# In your opinion, where is the best place to live(In US)



## Morning_Snow (Apr 21, 2015)

Hi all~ I am turning 18 in august and am going to take a two year vet tech program locally. I decided after college that I am going to get a job and save up for my own small farm land (for goats, meat rabbits, chickens and a garden). The problem is, I live in AZ and am miserable here, and I have been for the last 10 years that I have lived here. I don't feel comfortable living here. The summers are literal hell for me and the winters arn't even cold. I barely see grass and desert landscaping is so boring. I want to live somewhere where it rains, Where there is grass and possibly snow in the winter. Somewhere with actual seasons and even slightly enjoyable summers. The problem is that I don't know where to go. I was kind of looking into moving to Washington state, but I feel like I need a little more input from an outside-of-AZ party before I make a choice, especially since this choice will be awfully expensive and shape my entire rest of my life. If you guys could share your opinion on the best state to live in, that would be awesome!


----------



## Lokin4AReason (Apr 21, 2015)

keep on driving to the east ( pass texas tho ) =0)


----------



## Watermelons (Apr 21, 2015)

Stay away from the hurricane and tornado areas. North east gets too too much snow in the winter.
West coast is nice. Maybe east washington or oregon. Idaho? Housing will cost way way more in the NW then say arkansas... 
We have nice warm but tolerable summers on the.coast. Winters arent too harsh. Didnt get any snow where i live in canada land this year but i like how it never goes below -10celcius and even then below 0 isnt that often. 
Summers are so nice.... 
No tornadoes.... No hurricanes. We get earth quakes but their pretty sissy and mild in the NW. Just stay away from living in tsunami zones just incase the big one comes.


----------



## Morning_Snow (Apr 21, 2015)

Thank you both, and thanks for all the info Watermelons! The west coast sounds really nice, and I also heard Idaho and Washington were nice places to live. I'm definitely looking into somewhere where the summers are wonderful! I'm also curious on how different living in Canada is from the US. I was considering Canada but moving out of country sounds like a really big deal.


----------



## Watermelons (Apr 21, 2015)

Switching countries is a pretty big pain in the butt.
I looked into it because as a Paramedic I would make the same in the US as I would where I am now, however housing costs, and taxes, and insurance, and groceries, and gas, and well honestly EVERYTHING is so much cheaper across the border. But the process to move and work legally is almost not worth it lol.
The biggest thing for me is to live somewhere with a lack of natural disasters. So that would rule out almost the entire east coast. Tornadoes rule out central US. The north east area gets WAYYY too much snow... well anywhere central US does too. TOOOOOO hot in the summer and way to cold in the winter. Go too far south and you really don't get winter just unbearable summers.
So really whats left? North west coast!
We get bearable summers, A lot of people live just fine with no AC. It does snow occasionally though not frequently. We don't get anything like what those easterners are getting hahahahah Where I live right now on Vancouver Island we got no snow this year (hour further north they got a little) I had to scrape my windshield of ice once. I don't think I've been alive and seen more then 2' locally within greater Vancouver accumulate over any winter (more inland you will get more snow, and more north you will get more snow, even an hour makes a big difference) It does get chilly but everythings mild. Plenty of rain, plenty of sun. You're close to the ocean but you're close to mountains and world class ski resorts. You don't have to live right along the coast to enjoy the luxuries either. Washington is 5 hours drive from north border to south if that gives you a rough idea of how long of a drive east to west is. It is an area where there is tectonic plate movement so their are earthquakes but I have never felt a quake in my entire life here. having sat through many news worthy ones. Their honestly nothing to bat and eye at. This isn't California or Alaska. And if the big scary one ever does come just stay out of tsunami zones and flood plains. 

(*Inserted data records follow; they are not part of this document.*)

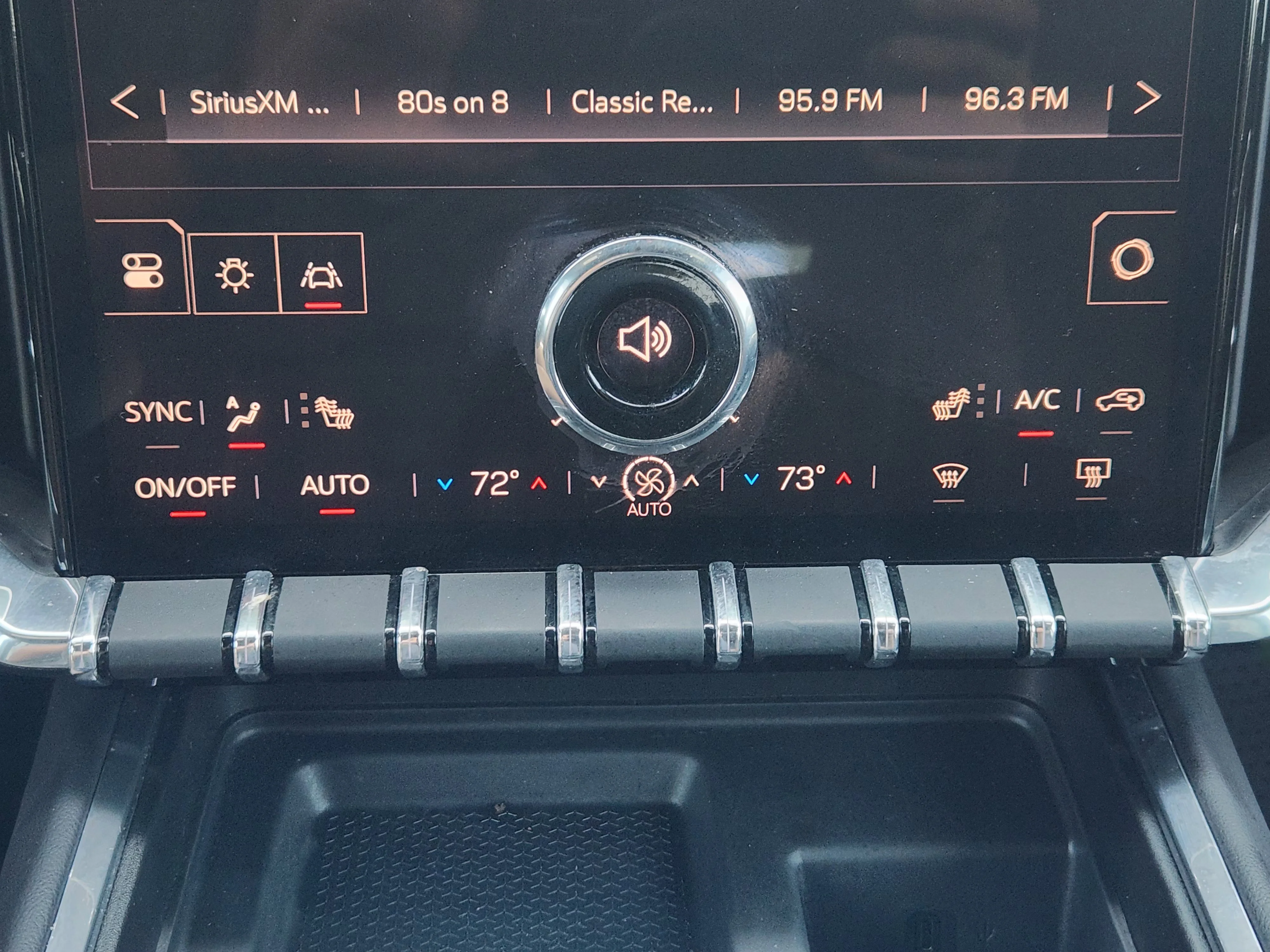 Used 2024 Summit White GMC Elevation image 20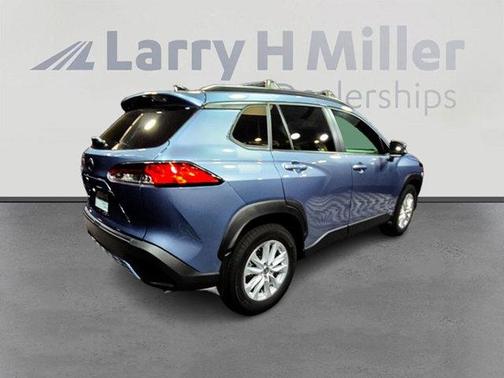 2025 Toyota Corolla Cross LE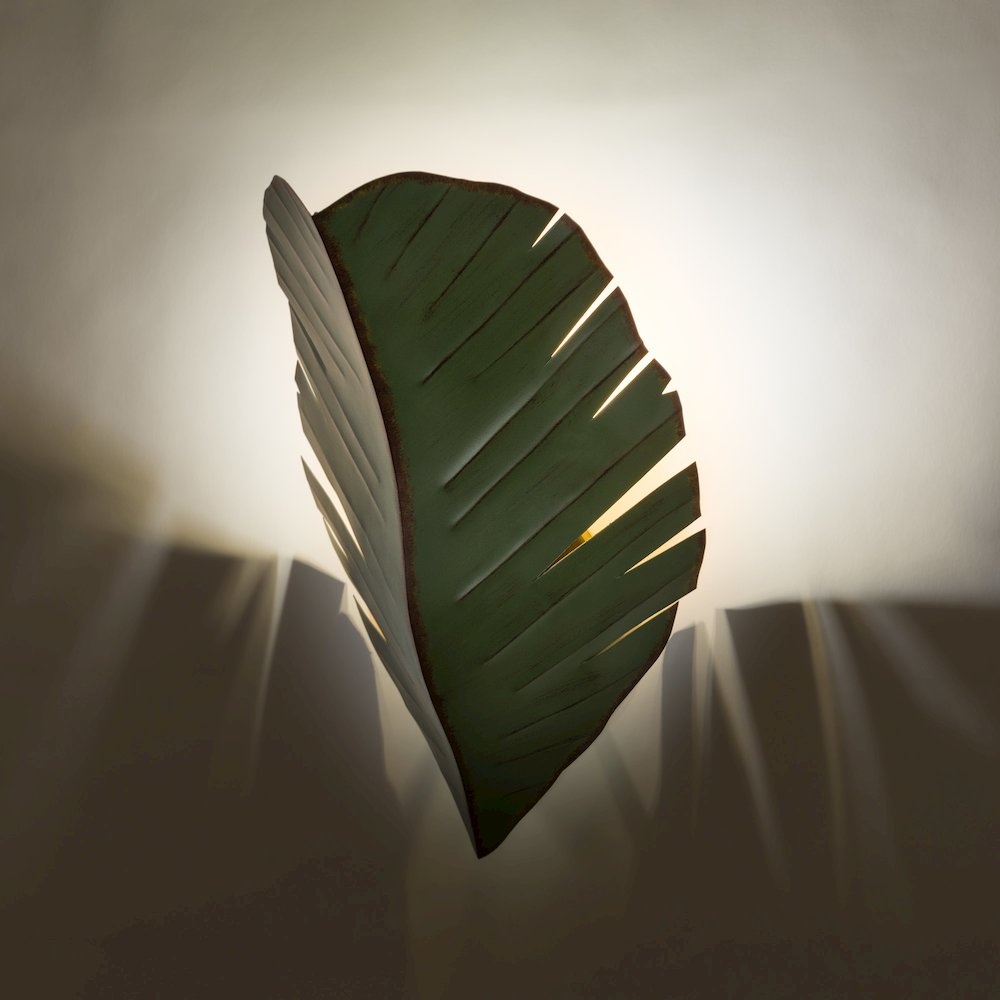 Banana Leaf 2-Lt Sconce. Picture 4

http://s94.photobucket.com/user/Lolaandthecrowd/British%20Columbia/story


----------



## fluffybuns (Apr 21, 2015)

Sounds like you'd be happier in Colorado, Washington or Oregon. These states have lots of rain and snow and mountains and gorgeous seasonal changes. The quality of living is very high and the education programs are mostly very good. They're also great for farming and setting up homesteads.
Best wishes to you with wherever life takes you.


----------



## Nancy McClelland (Apr 21, 2015)

We like it right here, but the second choice was Oregon followed by Idaho--one of us doesn't like snow or rain.


----------



## Lokin4AReason (Apr 22, 2015)

a place I would move is a place that would have diverse amount of job(s) ( even if you have to work out in your field ) .... it can be pretty and nice but what about the job market. 

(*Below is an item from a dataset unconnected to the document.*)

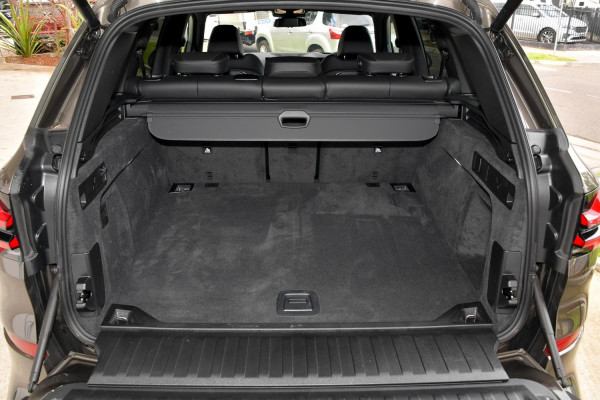 2025 BMW X5 G05 LCI xDrive30d M Sport SUV image 21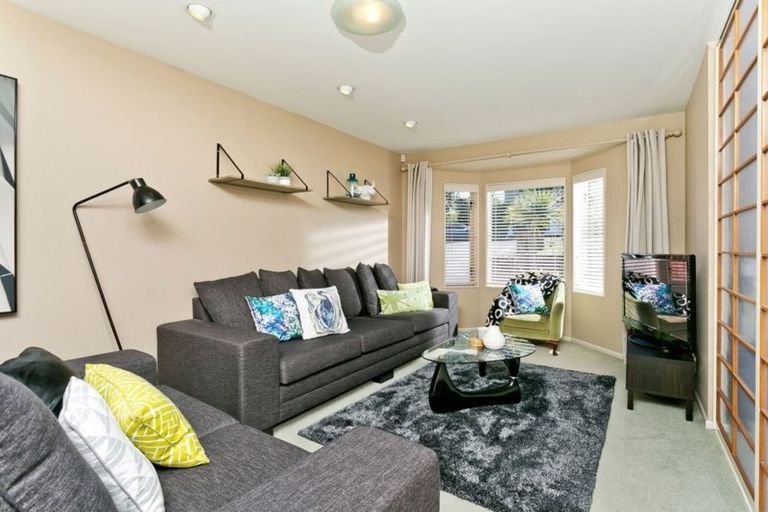 Photo of property in 2/48 Onepoto Road, Hauraki, Auckland, 0622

I don't have a strong mind set staying in the south but this is what I have known besides moving to Europe. now that was a change and also a struggle w/ work ( needing documents on everything ). so I moved back knowing that they have plenty of work here ...

but I intend to travel a bit in the foresee future w/ seeing at what is out there. but one things for sure, California is a place I would just want to visit but not wanting to live there ( some of the wild and most awkward laws in the union ) =0/

again, this IMO


----------



## Blue eyes (Apr 22, 2015)

You mentioned taking a _local_ vet tech program for two years before moving. Have you considered looking for such programs in other states? That would be a way you could get a better feel for an area and see just how cold & wet you'd like your winters to be and how cool you'd like your summers. 

Maybe do some searching on average monthly temperatures and precipitation in various states and see which ones appeal to you. Then you could do your schooling in one of those states as a trial run.


----------



## Azerane (Apr 25, 2015)

I'm bias because I've been so few places in the US, but Oregon is beautiful. I've only been there in Summer but it was gorgeous.


----------